## The task
Copy each line of the data below exactly, leaving out pictures.

## Raw data
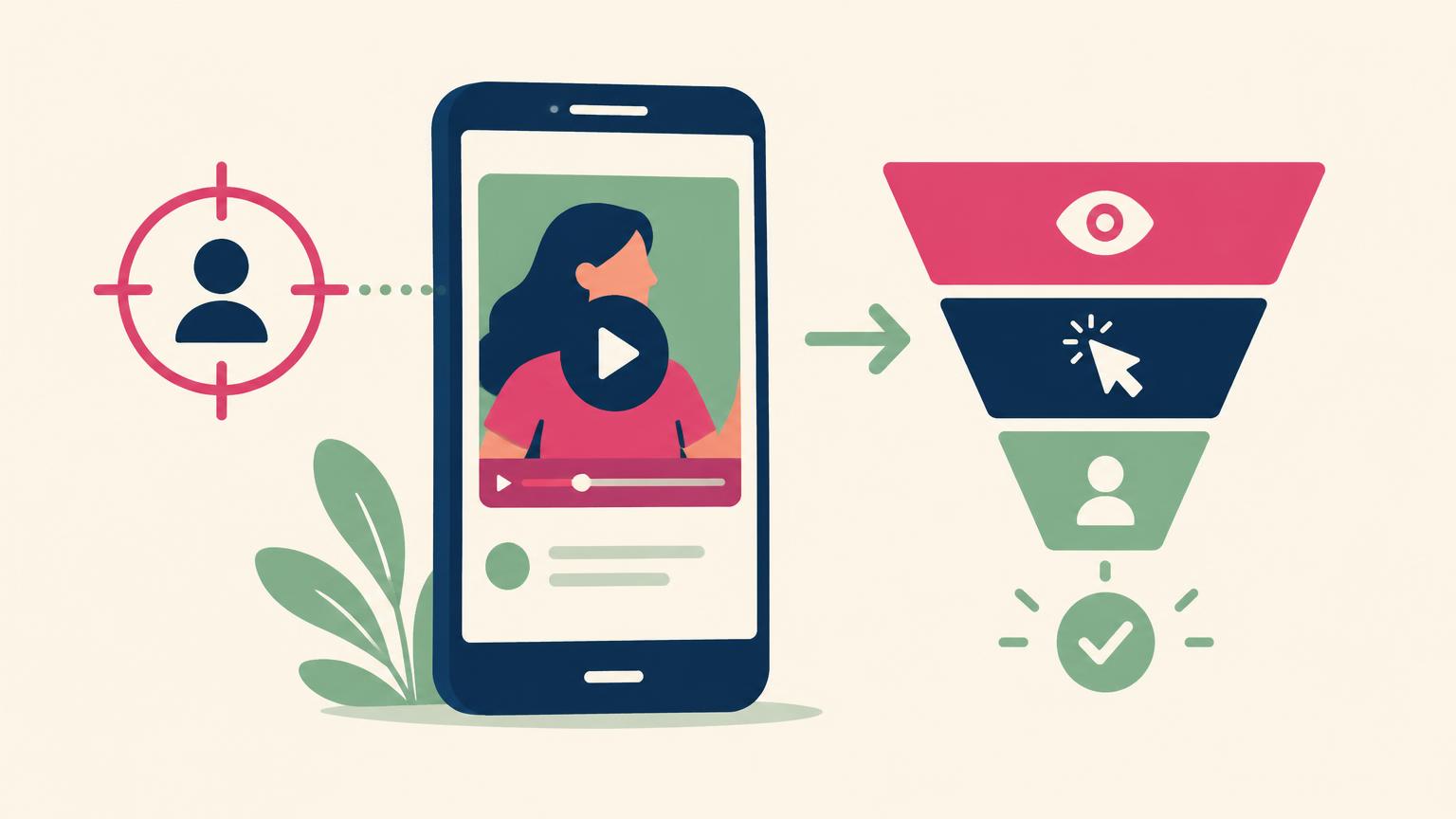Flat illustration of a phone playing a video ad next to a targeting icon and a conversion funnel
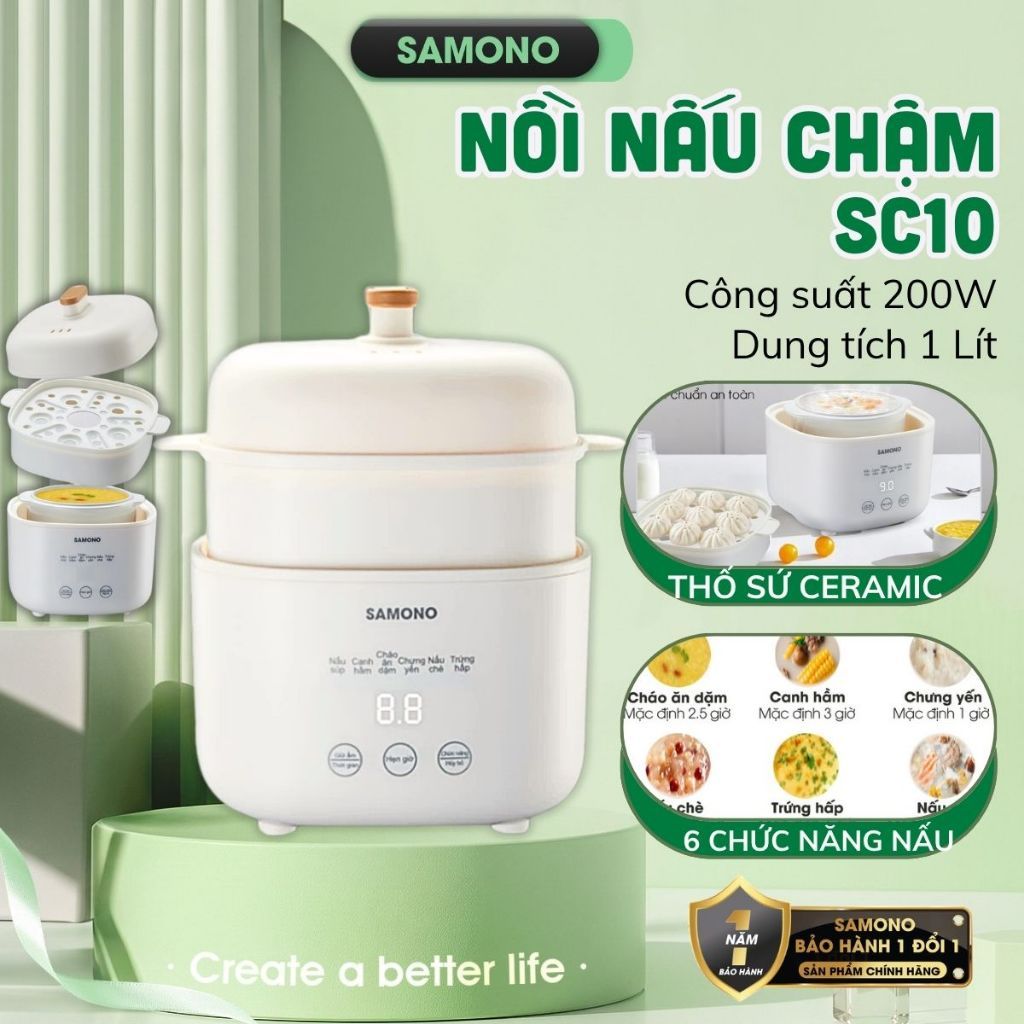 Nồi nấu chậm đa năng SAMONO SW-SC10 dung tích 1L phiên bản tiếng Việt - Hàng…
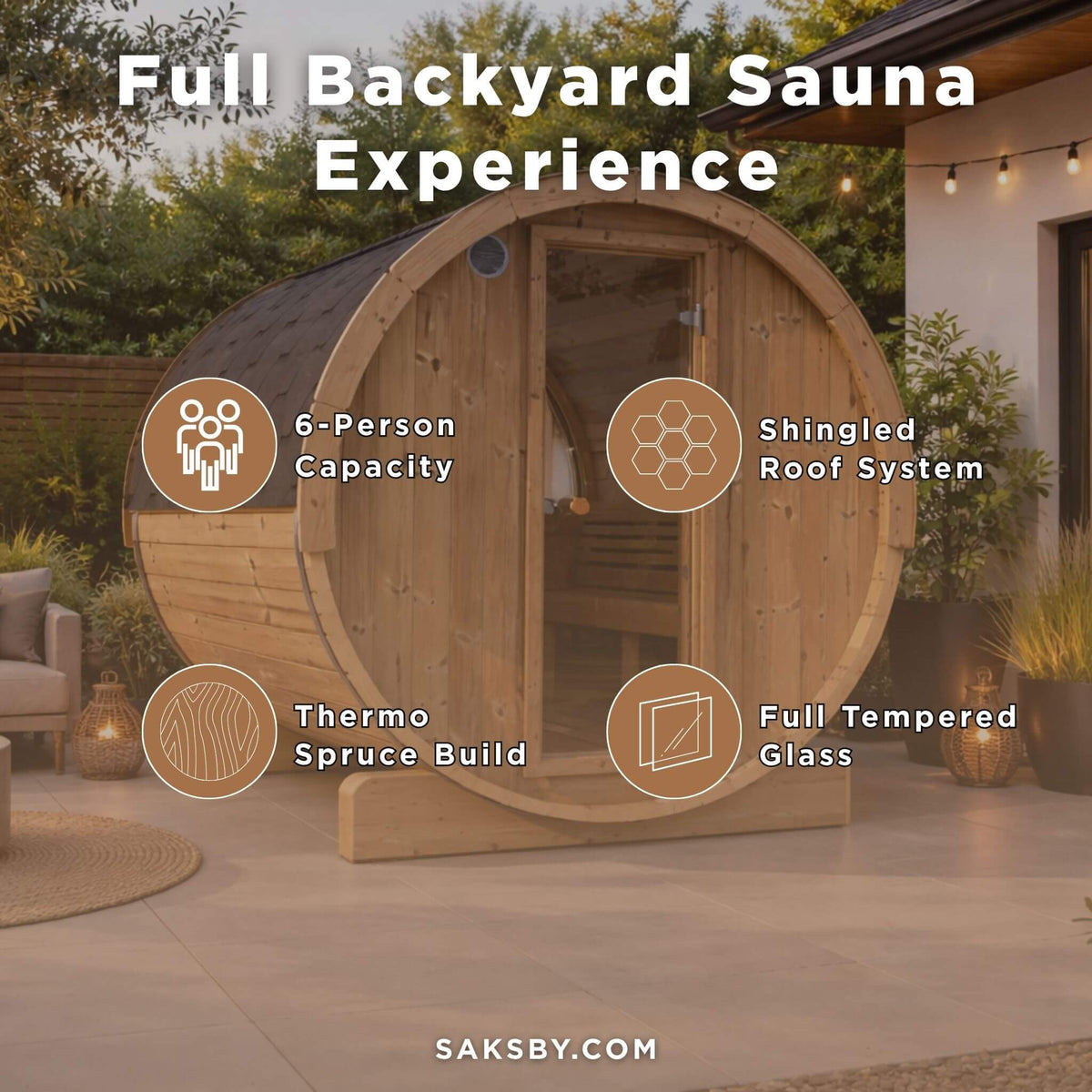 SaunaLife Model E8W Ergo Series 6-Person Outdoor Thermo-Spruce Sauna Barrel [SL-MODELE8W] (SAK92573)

## Reply to the exercise
Flat illustration of a phone playing a video ad next to a targeting icon and a conversion funnel
 Nồi nấu chậm đa năng SAMONO SW-SC10 dung tích 1L phiên bản tiếng Việt - Hàng…
 SaunaLife Model E8W Ergo Series 6-Person Outdoor Thermo-Spruce Sauna Barrel [SL-MODELE8W] (SAK92573)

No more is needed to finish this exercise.